Abstract
BACKGROUND
Extranodal marginal zone lymphoma of mucosa-associated lymphoid tissue (MALT lymphoma) occurs in approximately 9% of non-Hodgkin B-cell lymphomas. The gastrointestinal tract is the most commonly affected site of the extranodal forms of primary non-Hodgkin’s lymphomas. However, it rarely occurs within the rectum, and at present, there is no consensus on its diagnosis and treatment at this site.
CASE SUMMARY
We report a rare laterally spreading tumour-like rectal MALT lymphoma case in which the diagnosis and the depth of infiltration were determined by magnifying endoscopy and ultrasonic endoscopy. Then, the lesion was en bloc resected by endoscopic submucosal dissection (ESD) alone. The lesion was confirmed as MALT lymphoma by haematoxylin and eosin staining, immunohistochemical staining and gene arrangement analysis. Surveillance exams have indicated a 2-year disease-free survival for this patient.
CONCLUSION
We report a rare primary rectal MALT lymphoma that was curable with resection by ESD. ESD is a safe and effective therapeutic option for rectal MALT lymphoma.
Keywords: Rectum, Mucosa-associated lymphoid tissue lymphoma, Endoscopic submucosal dissection, En bloc resection, Case report
Core Tip: Primary rectal extranodal marginal zone lymphoma of mucosa-associated lymphoid tissue (MALT lymphoma) is a rare clinical entity. The clinical symptoms and endoscopic findings are nonspecific. The patient in this case was diagnosed with low-grade rectal MALT lymphoma, which was limited to the mucosa based on magnifying endoscopy, histopathological features, immunohistochemical tests, and gene rearrangement analyses. The lesion was en bloc resected by endoscopic submucosal dissection alone.
INTRODUCTION
Primary colorectal lymphoma is a rare condition. The incidence has varied from 0.1% to 0.9% of all colorectal malignancies in many series[1]. Lymphoma can be roughly divided into two subtypes: indolent and aggressive. The former has a long survival period and responds to multiple treatments, while the latter progresses rapidly. Extranodal marginal zone lymphoma of mucosa-associated lymphoid tissue (MALT lymphoma) is an indolent, low-grade, mature small B-cell non-Hodgkin lymphoid neoplasm. MALT-type lymphoma was first defined by Isaacson and Wright in 1983[2]. It has subsequently been defined as a specific indolent B-cell lymphoma with the ability to develop extranodal manifestations in mucosa-associated lymphoid tissues throughout the whole body.
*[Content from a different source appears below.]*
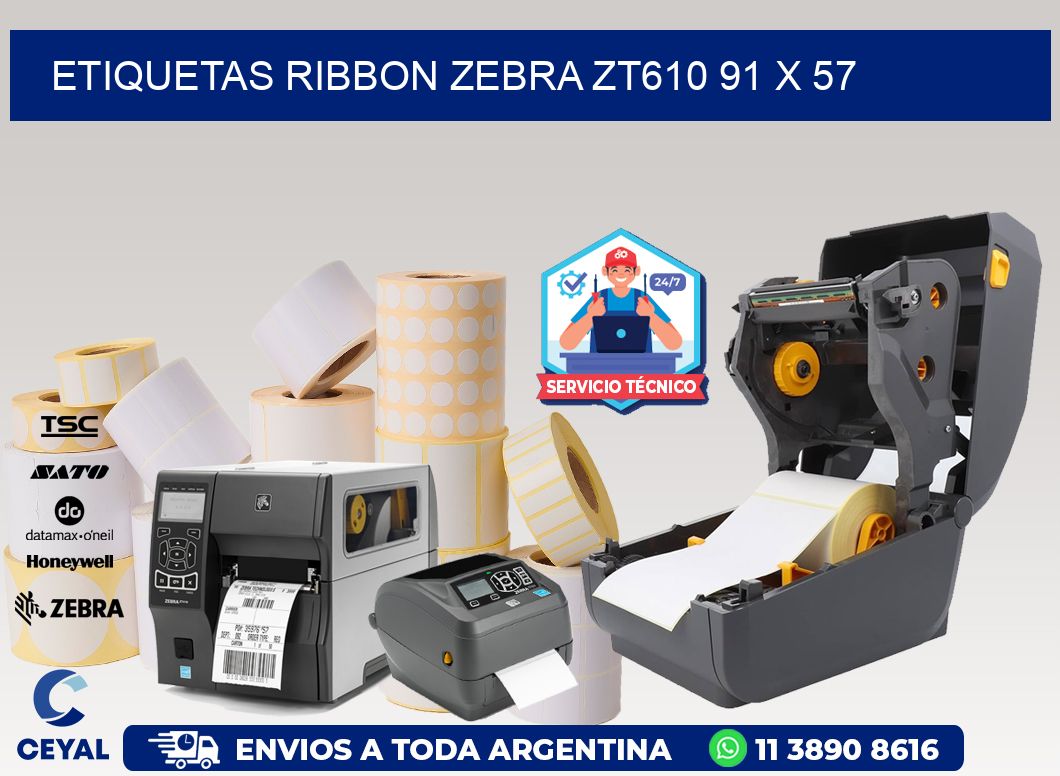ETIQUETAS RIBBON Zebra ZT610 91 x 57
MALT lymphomas arise from mucosa-associated lymphoid tissue and can involve various organs, including the gastrointestinal tract, lung, salivary glands, thyroid, and unusual sites, such as the dura[3]. The most common site for MALT lymphoma is the stomach. MALT lymphoma of the colon and rectum is the least common gastrointestinal location. Due to the rarity of rectal MALT lymphoma, the treatment strategies for rectal MALT lymphoma have not been systematically determined[4]. Here, we present a male patient with rectal MALT lymphoma who was diagnosed by magnifying endoscopy and successfully treated with endoscopic submucosal dissection without adjuvant therapy or empiric Helicobacter pylori (H. pylori) eradication.
CASE PRESENTATION
Chief complaints
A 46-year-old male presented to the Digestive Department of our hospital for further diagnosis and treatment of a 3.0 cm x 3.5 cm laterally spreading tumour-like elevated lesion observed in the rectum.
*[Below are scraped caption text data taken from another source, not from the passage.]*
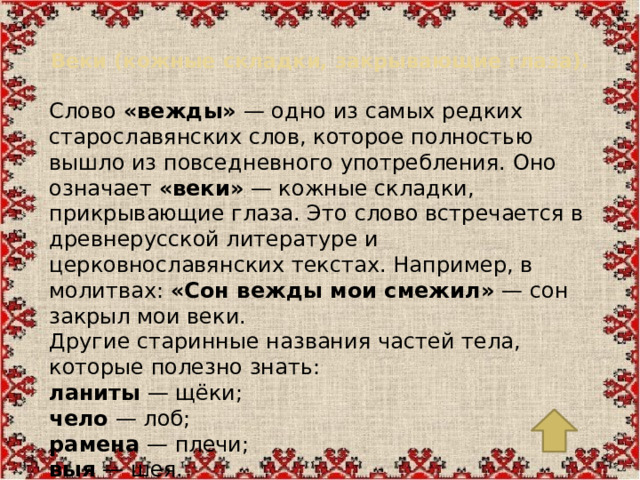 Веки (кожные складки, закрывающие глаза).   Слово  «вежды»  — одно из самых редких старославянских слов, которое полностью вышло из повседневного употребления. Оно означает  «веки»  — кожные складки, прикрывающие глаза. Это слово встречается в древнерусской литературе и церковнославянских текстах. Например, в молитвах:  «Сон вежды мои смежил»  — сон закрыл мои веки. Другие старинные названия частей тела, которые полезно знать: ланиты  — щёки; чело  — лоб; рамена  — плечи; выя  — шея.
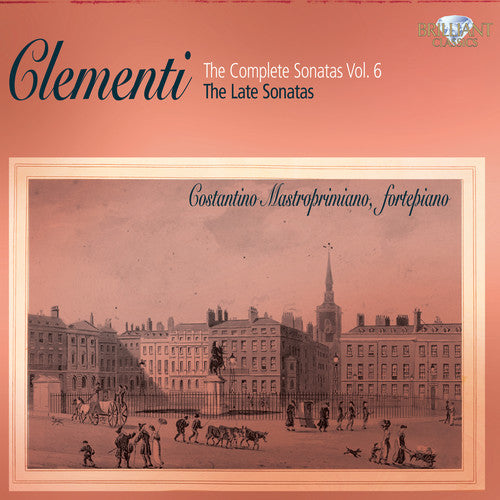 Clementi / Mastroprimiano - Complete Sonatas / Late Sonatas 6 - Music CD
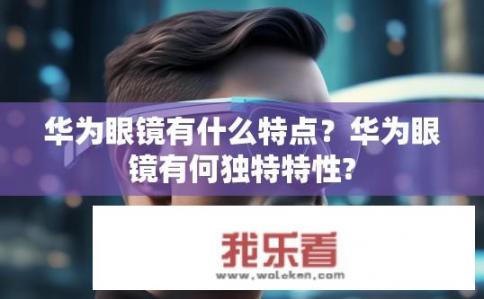 华为眼镜有什么特点？华为眼镜有何独特特性?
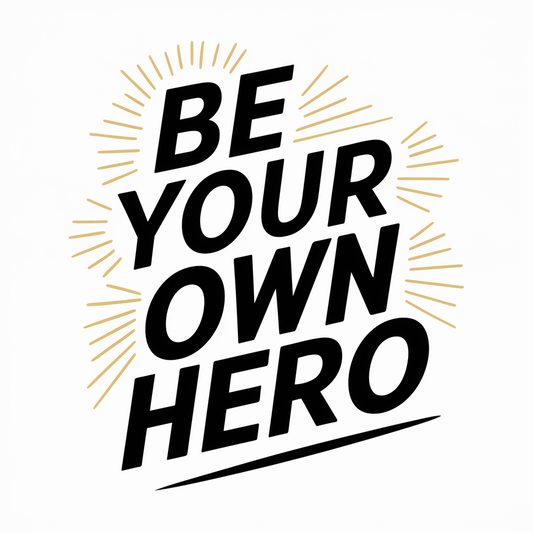 Be your own hero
History of present illness
The patient was initially evaluated for a screening colonoscopy as part of a routine health examination. He was asymptomatic, with no weight loss, bleeding, fever, abdominal pain, or adenopathy. Colonoscopy showed a rectal 3.0 cm x 3.5 cm lesion, which was 10 cm from the anus. The biopsy specimen had been confirmed histologically as mucosa-associated lymphoid tissue lymphoma.
History of past illness
The patient had no previous medical history.
Personal and family history
The patient had no smoking and drinking history.
Physical examination
Physical examination upon admission showed that the patient had a blood pressure of 112/84 mmHg with a heart rate of 87 beats/min. There were no obvious signs of the cardiopulmonary system or abdomen during physical examination.
Laboratory examinations
Laboratory results of lactate dehydrogenase, hemoglobin, plasmacytic differentiation and soluble interleukin-2 receptor showed no obvious abnormalities. The 13C-urea breath test tested negative for H. pylori.
Imaging examinations
A 3.0 cm x 3.5 cm laterally spreading tumour-like elevated lesion was observed in the rectum approximately 10 cm away from the anus under white light endoscopy. Its surface was uneven, congested, and oedematous (Figure 1A). The lesion margin became clearer and more uneven after indigo carmine staining (Figure 1B). To observe the microstructure and capillaries of the lesion, magnifying endoscopy with narrow-band imaging (NBI) was carried out. NBI showed a clear margin with a dark brown background and enlarged branch-like vessels on the surface of the lesion. The lesion was classified as NBI international colorectal endoscopic (NICE) type 3 and Japanese NBI expert team (JNET) type 3.
Figure 1.
Endoscopic findings. A: A 3.0 cm x 3.5 cm laterally spreading tumour-like elevated lesion was observed in the rectum; B: Indigo carmine staining showed a clear margin and uneven surface; C-F: Narrow band imaging (C) and magnifying endoscopy (D, E, F) showed a dark brown background and enlarged branch-like vessels on the surface of the lesion; G and H: Crystal violet staining magnifying endoscopy showed that the pit pattern structure disappeared on the surface of the lesion; I: Hypoechoic thickening of the mucosal layer was detected by endoscopic ultrasound.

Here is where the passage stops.